Single by M.I.A.
- Released: 8 February 2017
- Length: 3:16
- Label: Interscope
- Songwriter(s): Maya Arulpragasam
- Producer(s): M.I.A.; Kid Kamillion;

M.I.A. singles chronology
| "Freedun" (2016) | "P.O.W.A" (2017) | "Up Inna" (2020) |

Music video
- "P.O.W.A" on YouTube

= P.O.W.A. =

"P.O.W.A" (pronounced "power") is a song by British musician M.I.A., released on 8 February 2017 by Interscope Records. The video was released alongside the single, and was directed by M.I.A.

== Background and composition ==
A "politically-charged track", "P.O.W.A" features lyrical references to Rihanna, Madonna, Mariah Carey, Ariana Grande, Barack Obama, Osama Bin Laden and the Spice Girls. The song also features chanting from M.I.A.
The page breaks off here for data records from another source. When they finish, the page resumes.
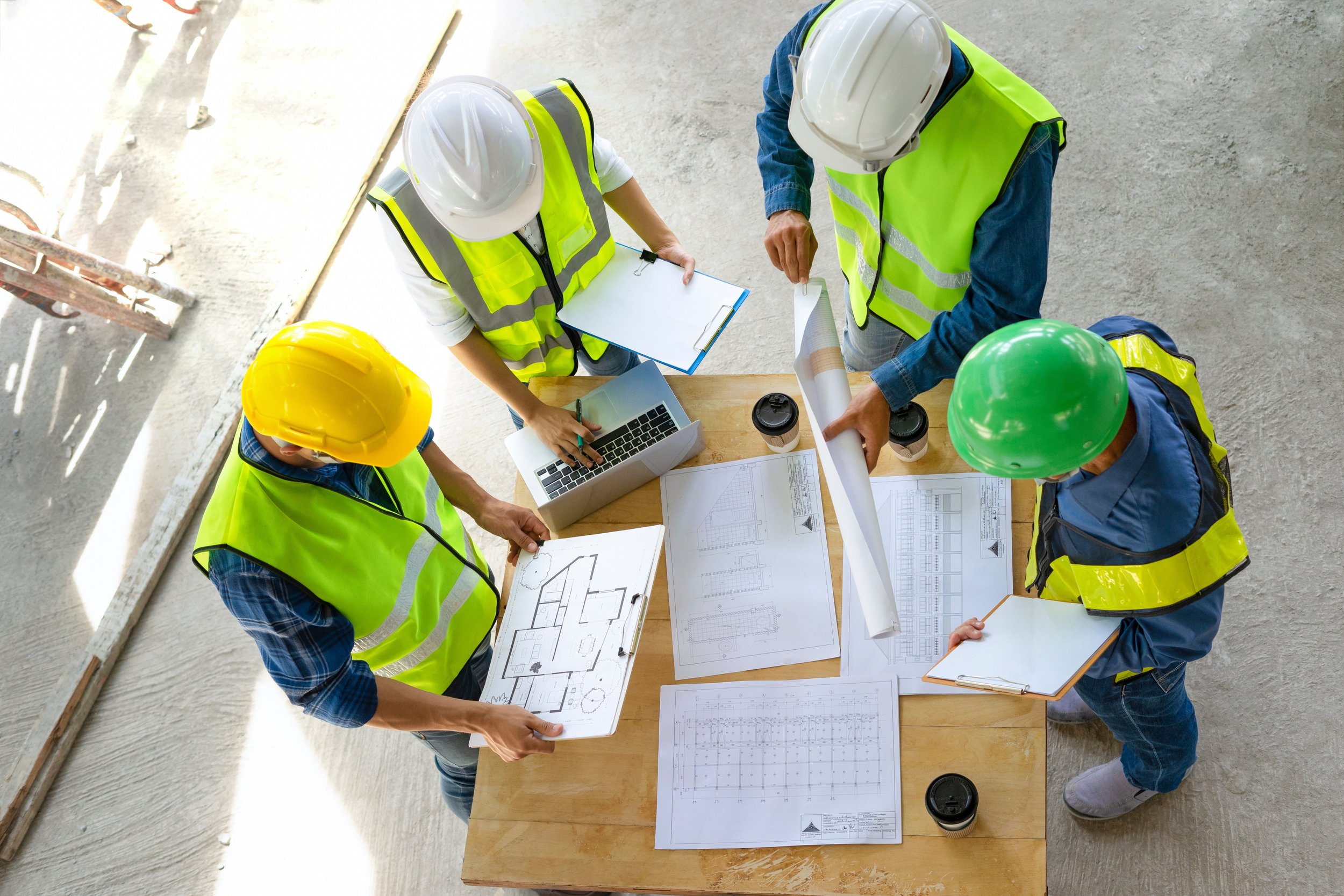 Group of construction workers wearing safety vests and helmets working on building plans at a construction site.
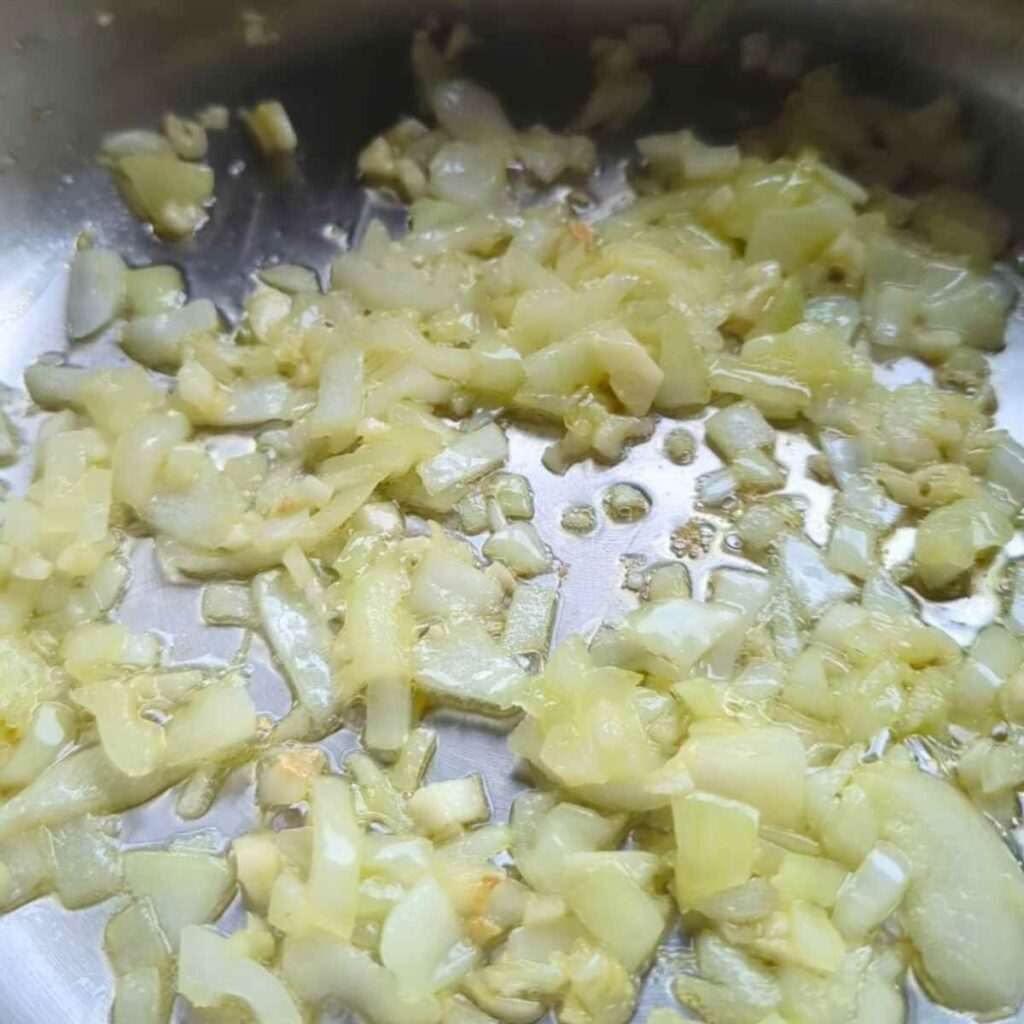onions and garlic in a pan sautéing in chorizo fat to make pasta sauce.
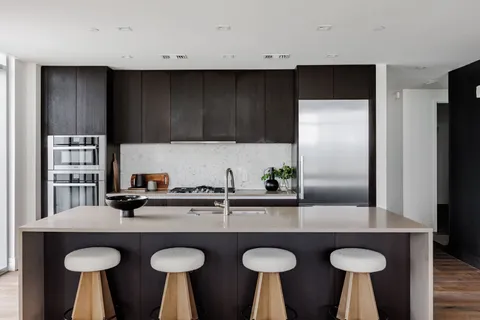 a kitchen with furniture a sink and a refrigerator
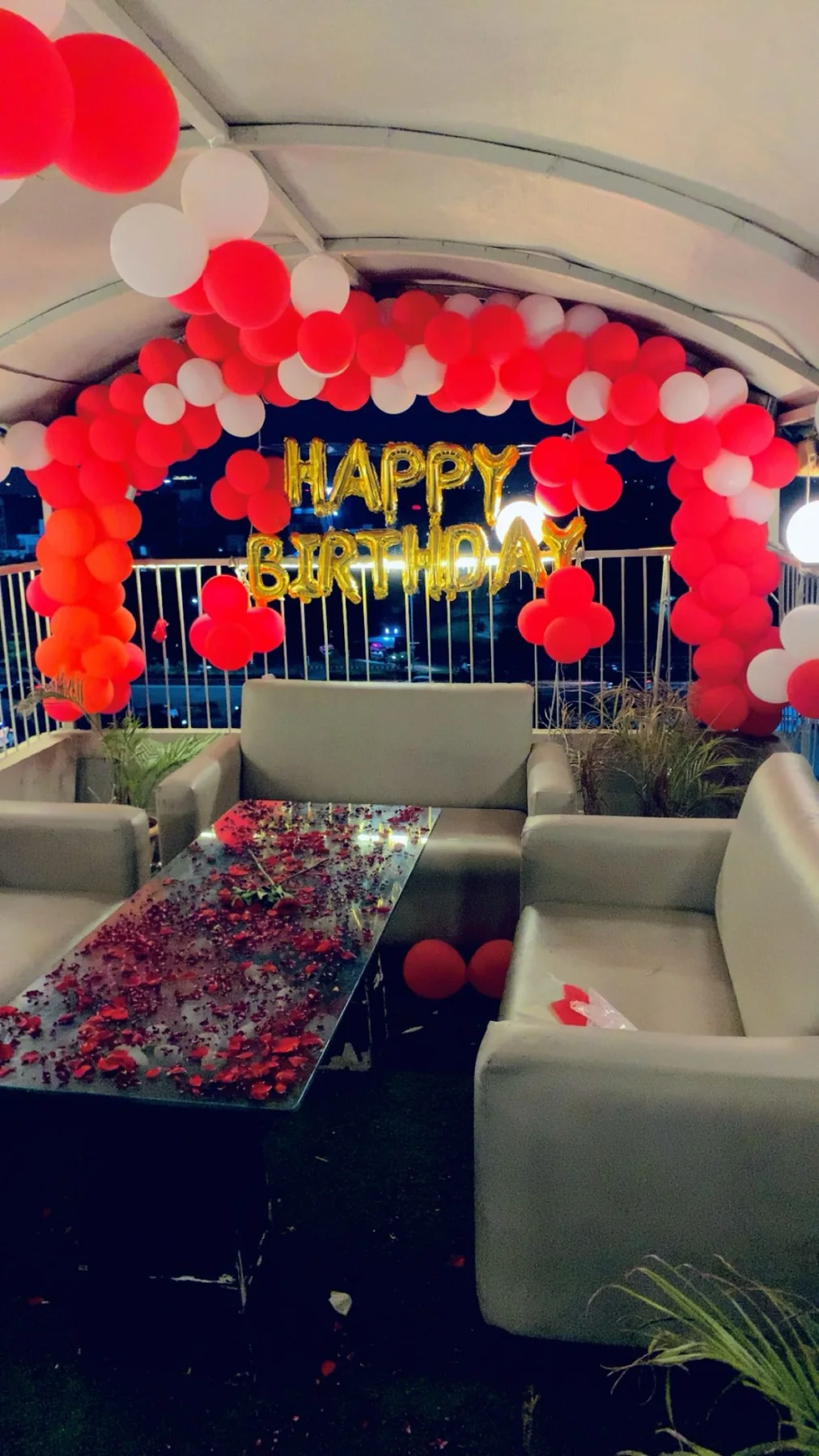 Birthday sofa seating with red and white balloon decoration at Chairish Cafe behind WTP Jaipur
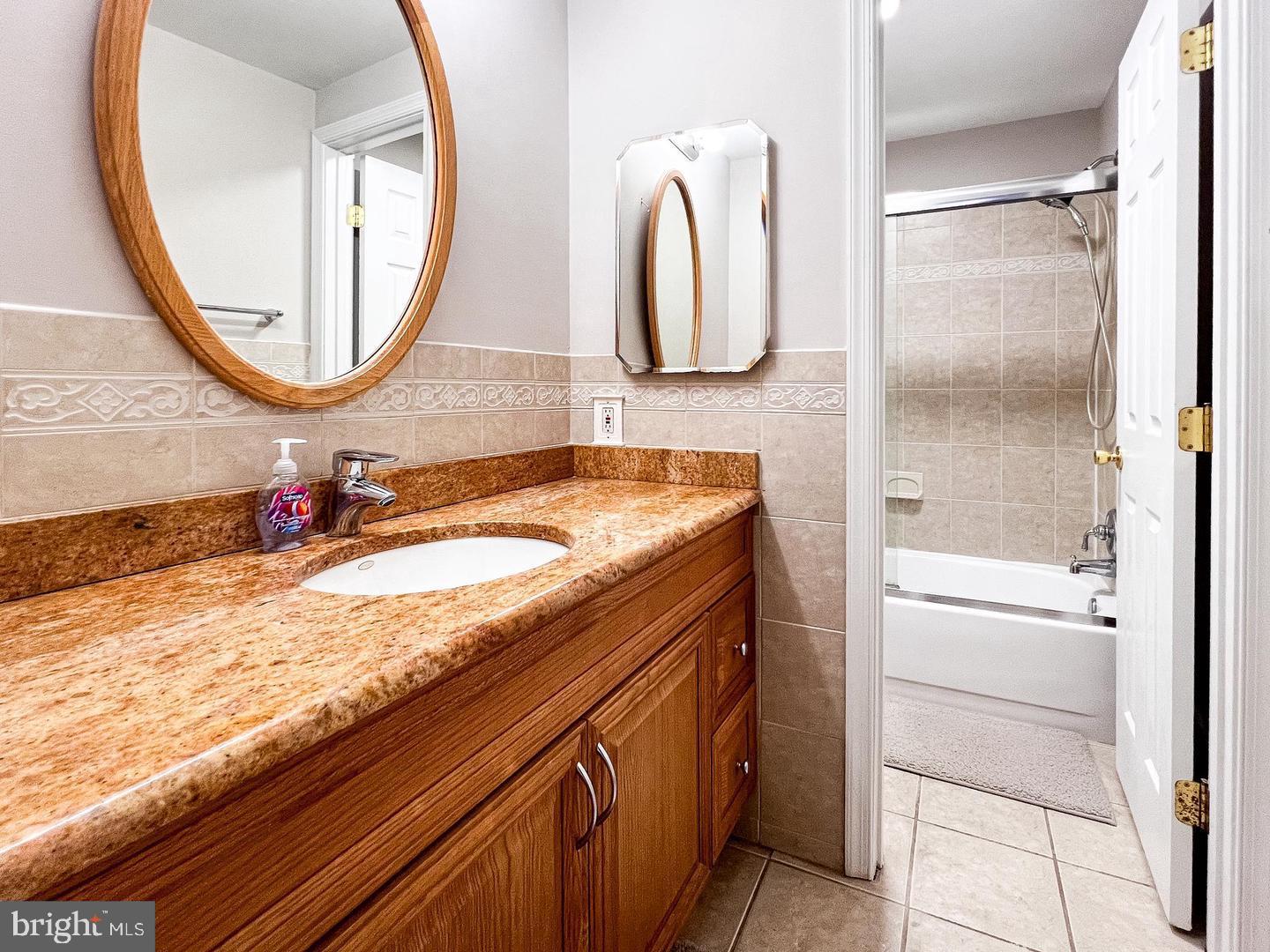 14913 Lear Lane Silver Spring, MD 20905 - Photo 22 of 33 Elegant bathroom with warm tones.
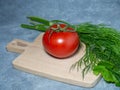 Greenhouse tomato on a small board. original size. Tomato in the kitchen. Ripe fresh vegetable on wooden kitchen utensils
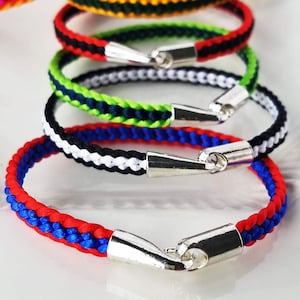 Op de afbeelding: Een stapel kleurrijke gevlochten armbanden met zilveren sluitingen. De armbanden zijn rood, blauw, wit, zwart, groen, geel en oranje.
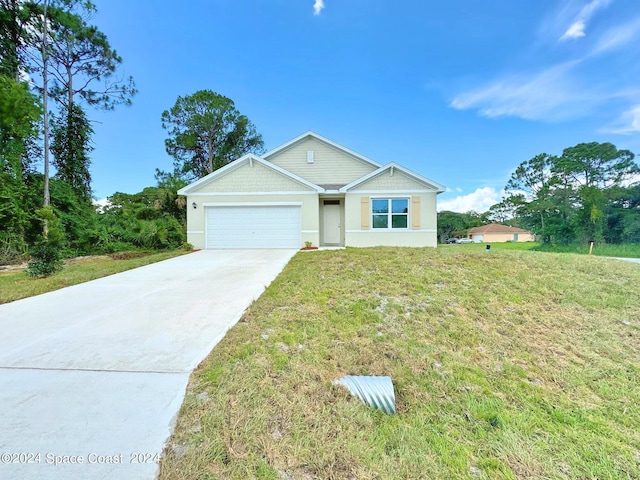 view of front of property with a garage and a front lawn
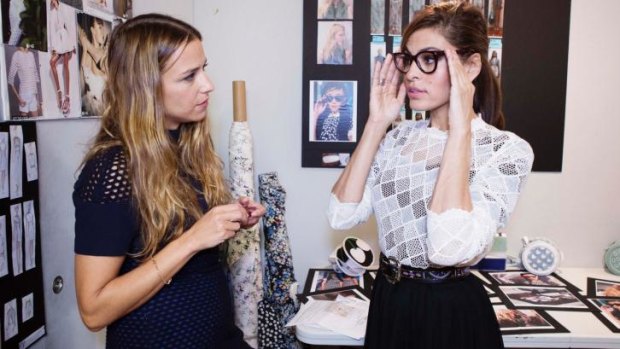 Charlotte Ronson introducing Eva Mendes to her new eyewear range for Vogue Eyewear. 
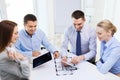 Smiling business people meeting in office Royalty Free Stock Photo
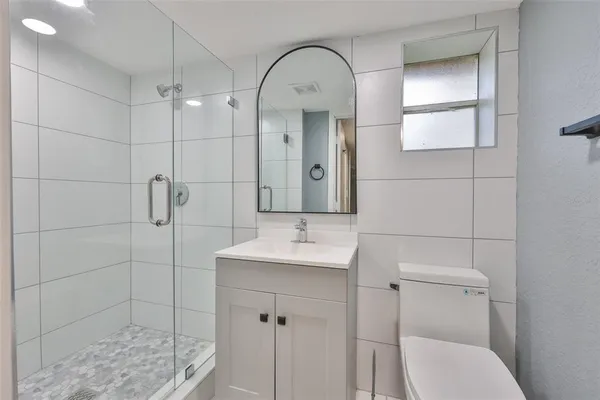 a bathroom with a sink toilet and shower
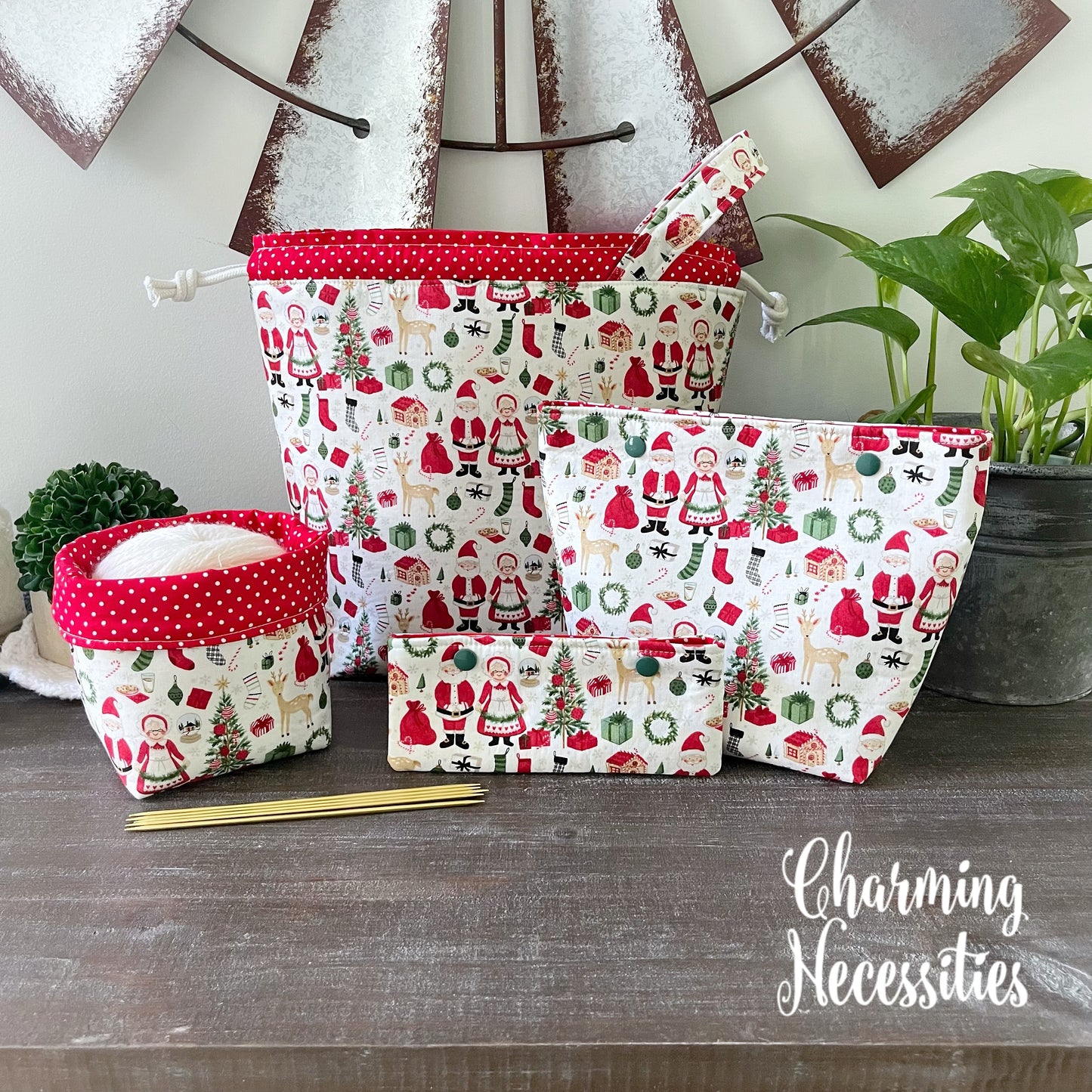 Set of fabric knitting project bags with Christmas patterns on a wooden surface, featuring the brand 'Charming Necessities'.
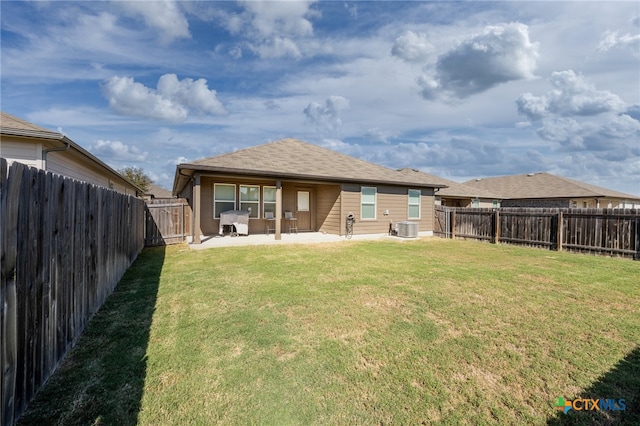 rear view of property with cooling unit, a patio area, and a lawn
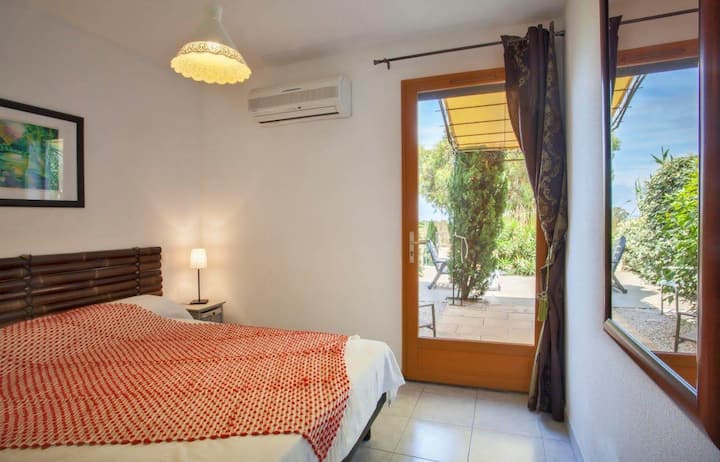 Dormitorio en la planta baja con cama de 140 cm y vista a la terraza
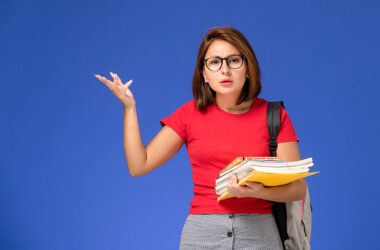 Vale a pena fazer faculdade? Na foto, uma jovem branca, de cabelo liso e curto na altura dos ombros, óculos de grau, com uma camiseta vermelha, uma calça cinza e segurando alguns livros com uma mochila nas costas.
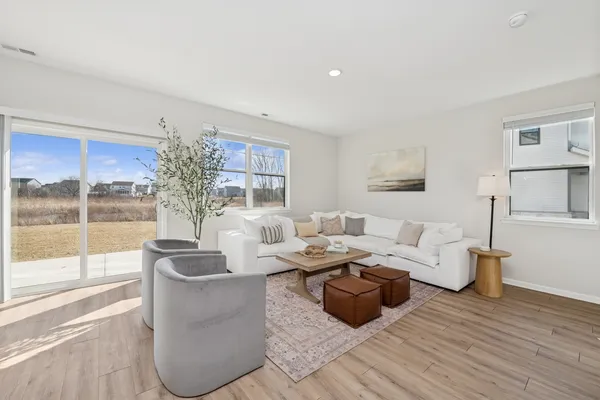 a living room with furniture and a large window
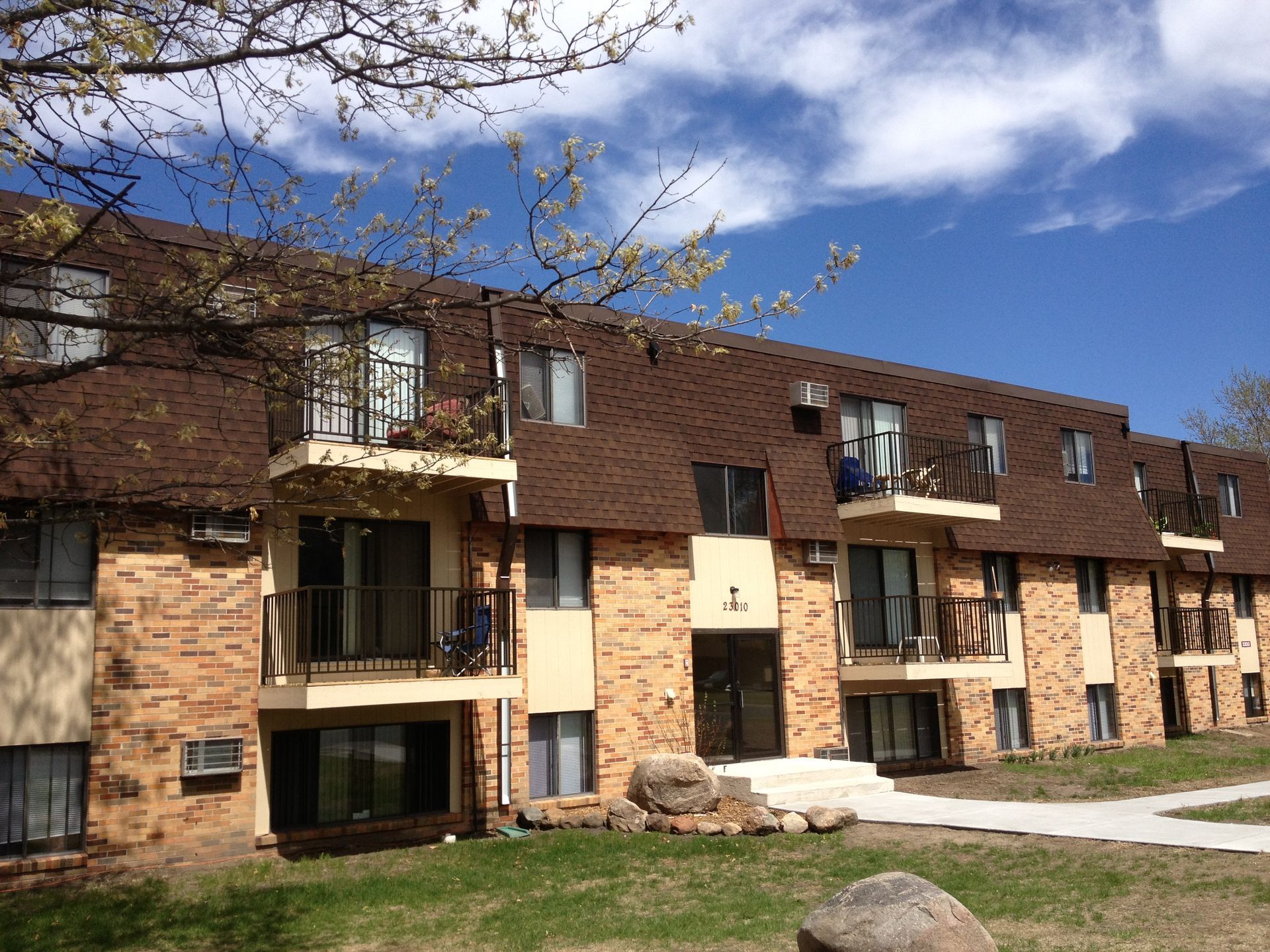 Two-story apartment building with brown roof, tan brick and siding, balconies, and green grass on a sunny day.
"P.O.W.A" samples "Blue Moon" by The Marcels.

== Music video ==
"P.O.W.A"'s music video was directed by M.I.A and shot in Jammu & Kashmir, India. It displays the singer lying on a marigold truck, wandering several different desolate landscapes in J&K, capturing the state's natural beauty while wearing vividly-colored saffron saris to reference the famous colours of J&K, and a line of men dancing against a saffron wall.